Work to complete: Leave out any pictures and transcribe all other data below exactly.

___ Input data

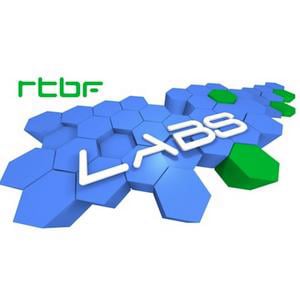Profile picture for Labs RTBF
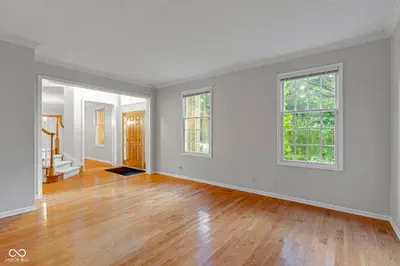 707 Emerald Drive, Lafayette - 8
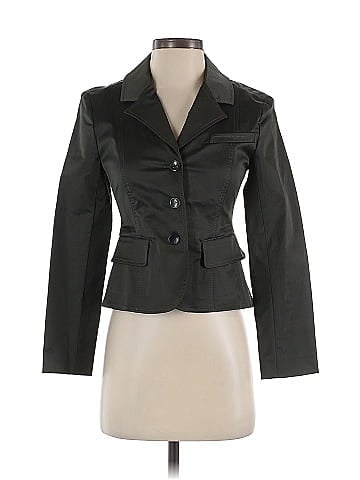 A.L.C. Blazer (view 1)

______

Response:
Profile picture for Labs RTBF
 707 Emerald Drive, Lafayette - 8
 A.L.C. Blazer (view 1)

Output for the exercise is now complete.